# maple



## drasbell (Feb 6, 2009)

Last spring we fell a maple tree, This thing was huge like 75-85 feet tall and 3-3 1/2 feet round and I couldnt see it just go to firewood so the trunk and the bigger branches were saved. And just got it sawed by a local sawyer his price was rather high 75.00 hr and 15.00 for each nail, but I ended up with close to 4000 bf of 5/4 cut wood. It wasn't the hard wood species of maple it was a silver maple so the wood will be somewhat soft. I think maybe that it might be kinda comparable to pine or popular? But I'm sure that I will think of many projects to make out of this in the near future.


----------



## Bob N (Oct 12, 2004)

Hi Rick,

Sounds like you have a nice stash with some wonderful plans ahead. Don't forget the pictures when you make those projects


----------



## BigJimAK (Mar 13, 2009)

Geeze, Rick...

I'm no wood expert but here's what the USDA had tosay about it: http://plants.usda.gov/plantguide/doc/pg_acsa2.doc (attached). They describe it as:

"fairly hard, even textured, rather brittle, easily worked and is used for furniture, cabinetry, paneling, flooring, woodturning,
veneer, musical instruments, boxes and crates, tool
handles, wagons, carts, and rails. Old heartwood
develops a swirled pattern that is sold as “bird’s eye
maple.” Silver maple on good sites can be managed
for timber – it is often cut and sold with red maple as
“soft maple” lumber."

Based upon that, it sounds like you scored. Bird's eye maple is very expensive and with "mature trees" at 80-110ft tall, it sounds like you got one.

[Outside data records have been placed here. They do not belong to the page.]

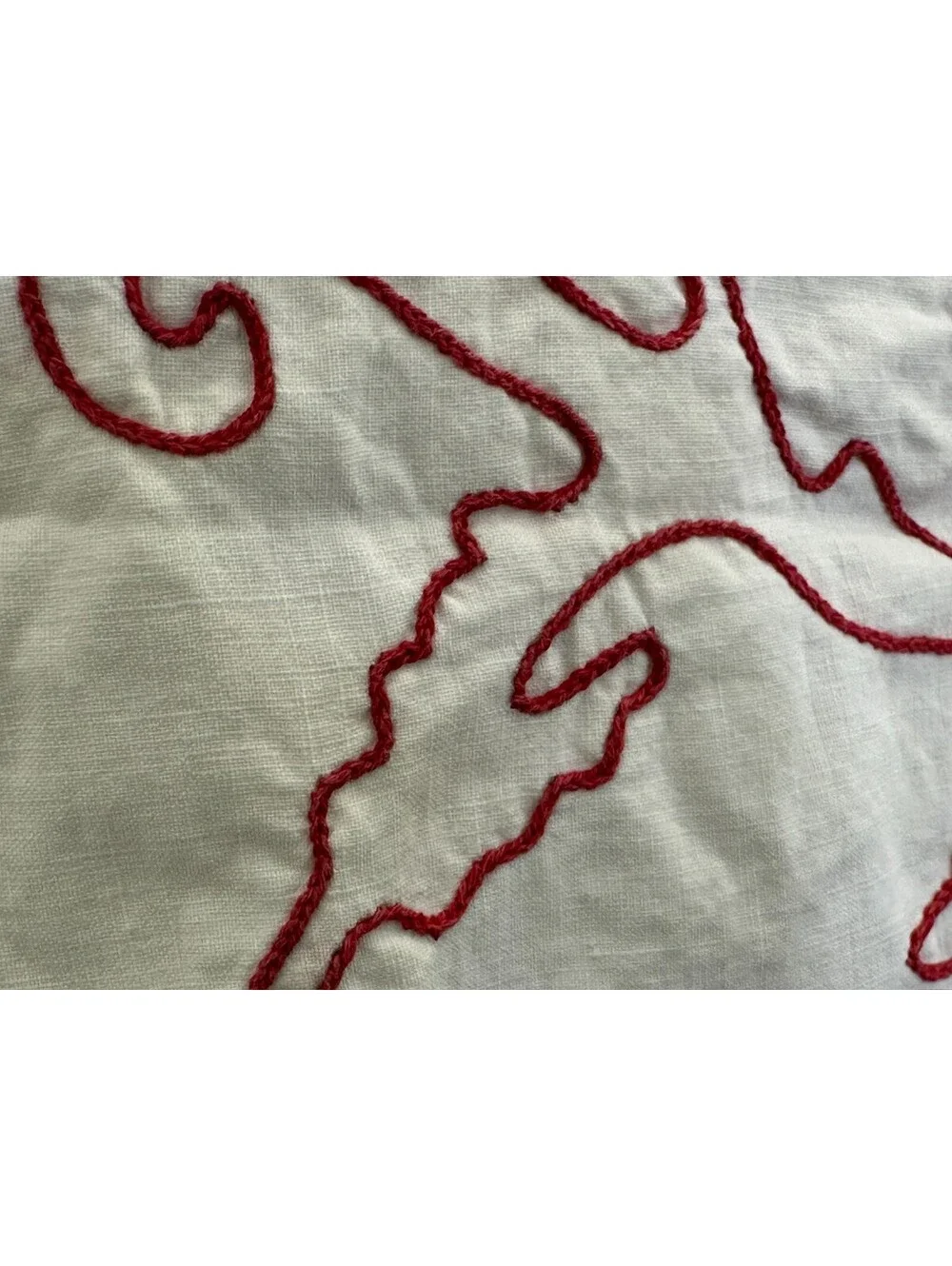 Vintage redwork Card Table Tablecloth Bird Decorative Wall Hanging Embroidered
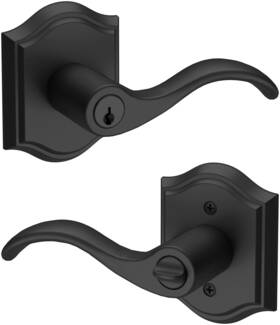 Encurtar190 Baldwin En.cur.r.tar Curve Right Handed Single Cylinder Keyed - Black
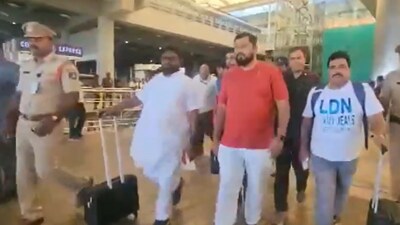 BJP leader Raja Singh detained at Shamshabad Airport.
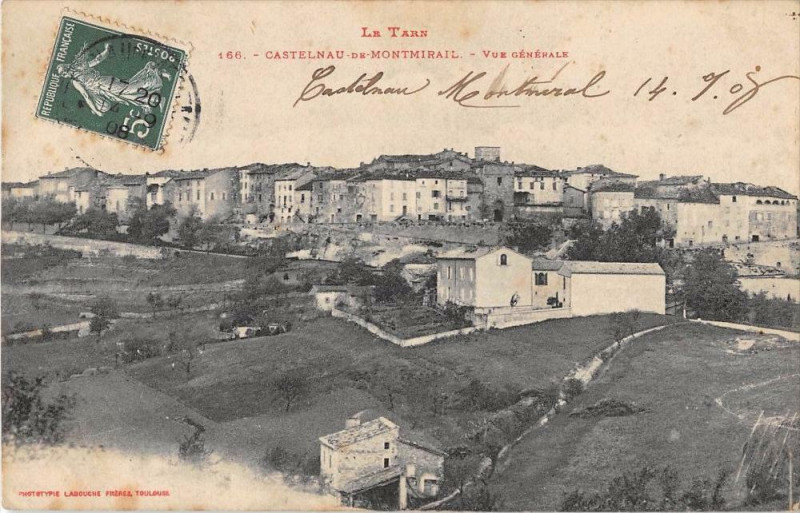 Carte postale ancienne Castelnau De Montmirail Vue Generale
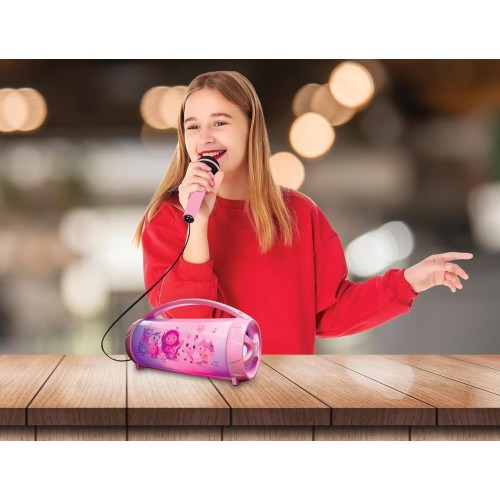 Lexibook Gabbys Dollhouse, Wireless  Speaker With Microphone, Stereo Sound 25.BTP585GD 3380743108315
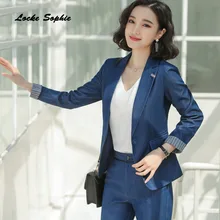 1pcs Women's Plus size Blazers coats 2019 Autumn cotton Splicing long sleeves Small Suits jackets ladies Skinny Blazers Suits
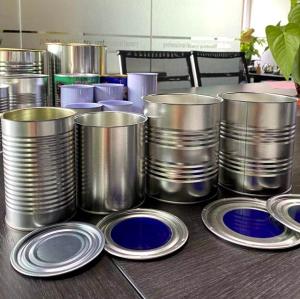 China Food Safety 900 Gram Milk Powder Tinplate Storage Can , Round Metal Tin Can With Aluminum Foil For Milk Powder wholesale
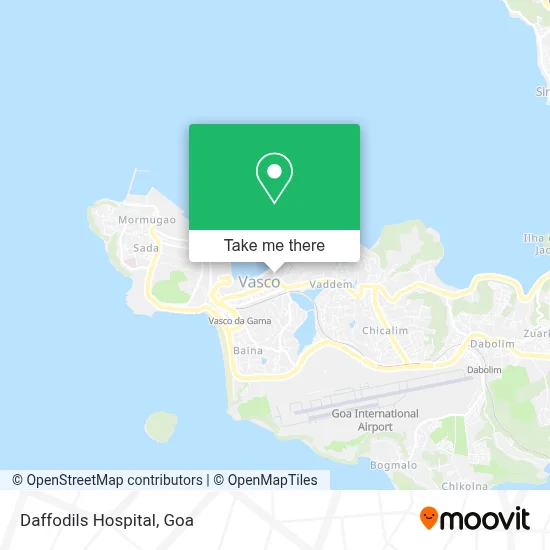Daffodils Hospital map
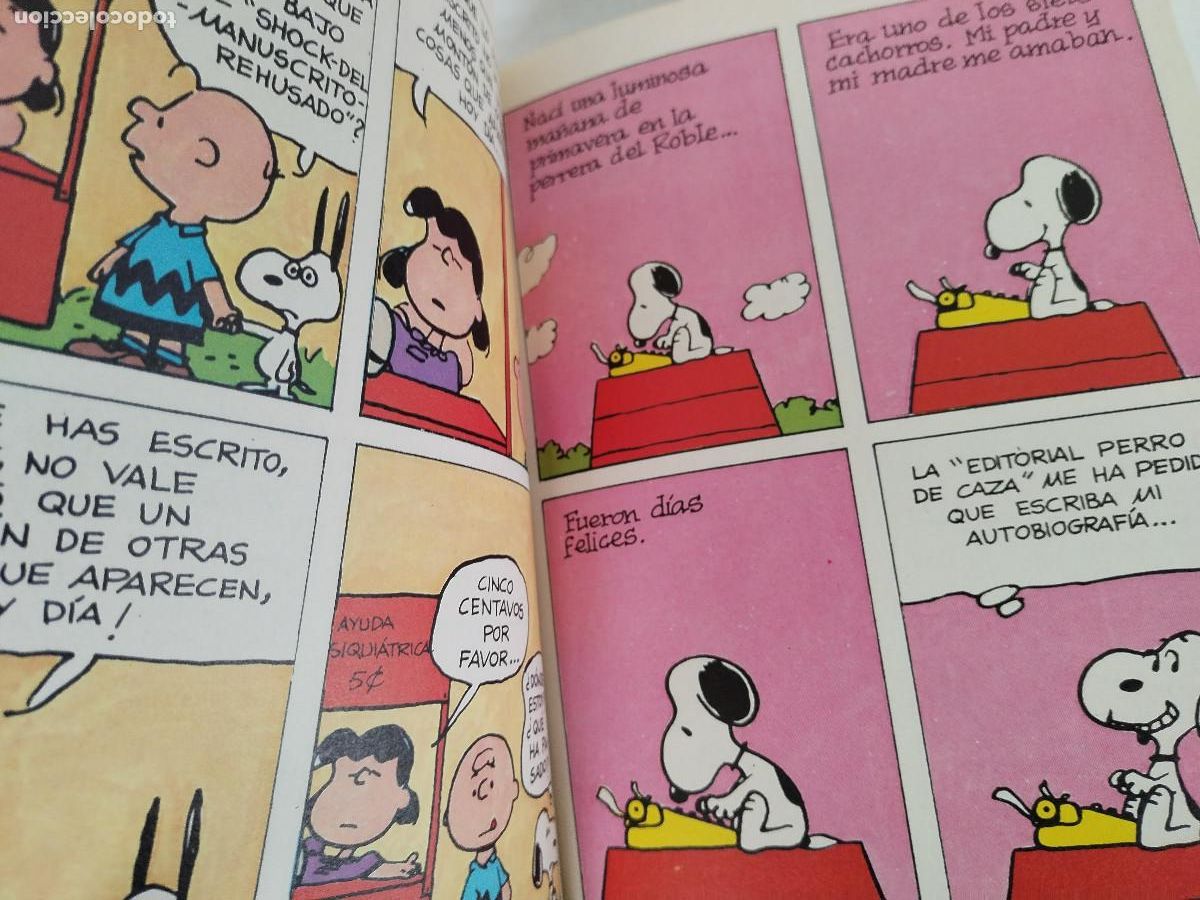 C&oacute;mics: snoopy escritor schulz Ed. 1983 - c113 - Foto 3
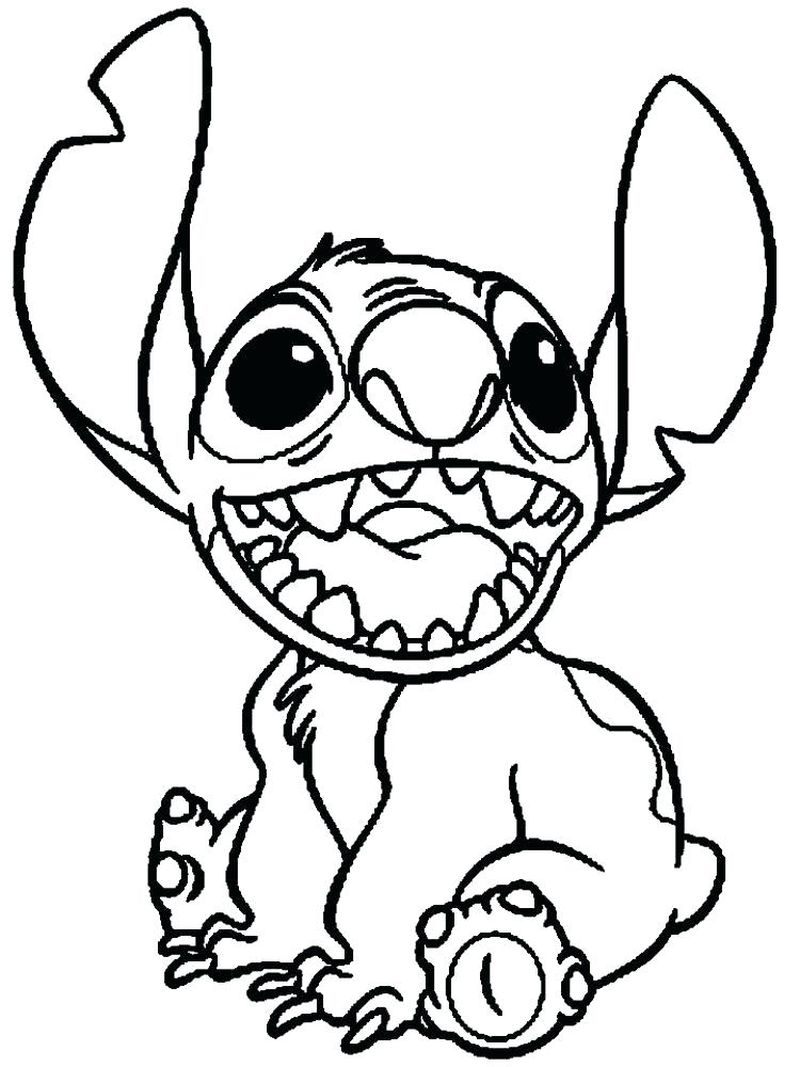 lilo and stitch coloring pages disney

Here in Alaska, 4/4 soft maple (clear, kiln dried) starts at $3.62/bf (6"-8" wide x 14' long, S2S). Bird's eye" starts well into the 'teens. It sounds like you've got a great long-term supply of wood!


----------



## drasbell (Feb 6, 2009)

I have some photos of the wood that I got
The last photo is some saved for turnings.


----------



## Bonehead V.2 (Aug 23, 2009)

drasbell said:


> I have some photos of the wood that I got
> The last photo is some saved for turnings.




Very nice supply of Maple there.



I think I see Jesus in the wood in pic #3.


----------



## anotherBob (Oct 28, 2009)

Wow! You sure are in for some fun... nice stash you'll have.


----------



## dustmaker (May 18, 2009)

drasbell said:


> I have some photos of the wood that I got
> The last photo is some saved for turnings.


You are making me drool. I am very envious, but also very happy for you. That is a nice hoard! I will be looking forward to the many posts you will make to share the projects that come out of all that!


----------